Aim of the task: Below are entries; copy exactly the lines from the one with "Sanwa - PM33a" through the one with "Adaptador Em T", both included, and leave out the rest.

Listed records:
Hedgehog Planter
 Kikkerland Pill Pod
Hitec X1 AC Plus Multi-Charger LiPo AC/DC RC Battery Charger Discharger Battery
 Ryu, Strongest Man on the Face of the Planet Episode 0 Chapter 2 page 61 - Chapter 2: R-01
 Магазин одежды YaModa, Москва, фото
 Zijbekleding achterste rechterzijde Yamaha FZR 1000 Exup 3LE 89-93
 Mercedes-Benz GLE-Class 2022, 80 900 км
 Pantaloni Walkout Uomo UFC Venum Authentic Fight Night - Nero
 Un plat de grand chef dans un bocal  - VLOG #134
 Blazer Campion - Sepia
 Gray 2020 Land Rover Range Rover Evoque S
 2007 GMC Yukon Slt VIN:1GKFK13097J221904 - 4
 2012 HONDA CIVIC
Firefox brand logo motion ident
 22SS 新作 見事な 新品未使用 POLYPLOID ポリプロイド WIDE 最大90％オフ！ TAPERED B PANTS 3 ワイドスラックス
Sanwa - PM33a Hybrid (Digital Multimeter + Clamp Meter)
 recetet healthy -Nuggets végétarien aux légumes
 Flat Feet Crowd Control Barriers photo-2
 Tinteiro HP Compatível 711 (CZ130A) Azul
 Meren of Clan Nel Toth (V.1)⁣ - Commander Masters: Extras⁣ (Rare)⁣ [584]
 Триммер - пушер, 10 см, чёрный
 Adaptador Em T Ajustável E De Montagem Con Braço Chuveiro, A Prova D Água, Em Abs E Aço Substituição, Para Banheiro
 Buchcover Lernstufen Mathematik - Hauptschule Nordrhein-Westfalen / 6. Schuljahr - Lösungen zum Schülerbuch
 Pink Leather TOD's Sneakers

Task solution:
Sanwa - PM33a Hybrid (Digital Multimeter + Clamp Meter)
 recetet healthy -Nuggets végétarien aux légumes
 Flat Feet Crowd Control Barriers photo-2
 Tinteiro HP Compatível 711 (CZ130A) Azul
 Meren of Clan Nel Toth (V.1)⁣ - Commander Masters: Extras⁣ (Rare)⁣ [584]
 Триммер - пушер, 10 см, чёрный
 Adaptador Em T Ajustável E De Montagem Con Braço Chuveiro, A Prova D Água, Em Abs E Aço Substituição, Para Banheiro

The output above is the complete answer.